You see at that point on my thought process the FedEx guy delivered my new phone. If I haven't shared it yet, I finally purchased my Black and White (pronounced 'Panda') Google Pixel 2 XL. That starts the dominoes. I should back up a step first. I use my old Nexus 6 for an alarm clock. The battery was shot in it, but it had wireless charging so I could just lay it on my charging stand and it would get plenty of battery juice all night long without plugging any wires in. I use an app called Night Clock that displays the time but turns the screen brightness down to almost nothing. I then use Rocket Player to play a set of music (I call the playlist 'Sing Me To Sleep'), turn on the built in 1 hour sleep timer and nod off to snooze land. It's easy to set up and maintain the alarms, especially since I can just pick up the phone and tap away at it before setting it back down in it's cradle. The alarm wakes me up and it just works brilliantly. That is, until the wireless charging broke. For the past couple weeks I've had to plug the damned thing in every night.

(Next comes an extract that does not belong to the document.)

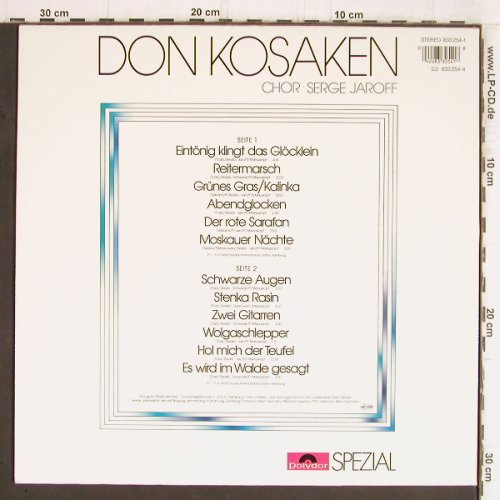 Don Kosaken: Serge Jaroff, Polydor Spezial(833 254-1), D, Ri,  - LP - Y5670 - 5,00 Euro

Now that has nothing directly to do with my new Panda Phone, but part of the reason I was justifying the purchase of a new phone for the second year in a row was that my Mother would get my old phone. I could then sign her up to Project Fi as a group plan and save a few dozen bucks each month. That leaves her old Samsung Galaxy Note 5. It's roughly the same size of my Nexus 6 and has wireless charging that actually works. So my plan was to format my phone and set Mom's account up on it, then format her phone and set up my account on it and use it as my new Alarm Clock. That leaves my Nexus 6 out in the cold.

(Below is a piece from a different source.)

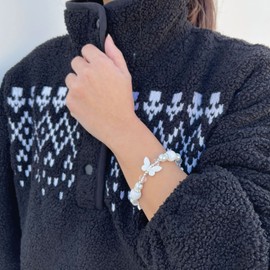 fiona Butterfly Bracelet - Butterfly Jewelry Gift For Women Girls - Butterfly Lovers Gift Stretch Bangle (White)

Out in the cold, in my car, serving as my replacement iPod. I had got a data sim for it last year on my Project Fi account, so it can even sync itself over a cellular signal and stream music over the open road! And did the wheels stop turning there? Nope. Not only can I use it as my music player, I can actually hook it up to Isabella as an Android Auto device. There were a couple good reasons I wasn't running my current Pixel as an Android Auto device. First and foremost was the music. I can't run the iPod as music inside of Android Auto. It wants to pull the music right from the Android device. The other reason was plugging the phone in. I didn't want to take the phone out of its slip case and plug it into the car each and every time I got in and out of the damned car. Sure, I wanted to use Google Maps instead of my navigation, and sure I wanted to use the Google Auto apps like Weather, and Waze, and NPR One, and so on, and so forth. It just wasn't worth the effort of plugging in the phone each time.

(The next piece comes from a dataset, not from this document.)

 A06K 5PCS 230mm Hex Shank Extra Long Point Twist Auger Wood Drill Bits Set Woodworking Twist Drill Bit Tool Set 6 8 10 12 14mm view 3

But my Nexus 6 is the perfect answer. I can plug it in and just freaking leave it there! The battery isn't good for running a full day, but it can certainly stand by for several days in a row. Plus it gets power each and every time I drive. And so far as I know, I can still hook my phone up via bluetooth to get calls and messages while using Android Auto. At least i think I can... this will take an actual trial.
But the music solution will be freaking sweet!
While having dinner with my brother, I admitted that this might be one of those transitions for me. Music started out as the radio and a few random records (yes... I'm old enough to have owned big discs of vinyl!). My real music awakening was with cassets. Both owning them and making mix tapes for the car. Then came CDs and that sweet sweet 6 disc changer in the trunk. The iPod happened in late 2003 and for the most part I've been static ever since. Well... late 2017 or early 2018 might be the next big thing. Screw owning music, just pay the $10 for unlimited streaming and playlist making capabilities!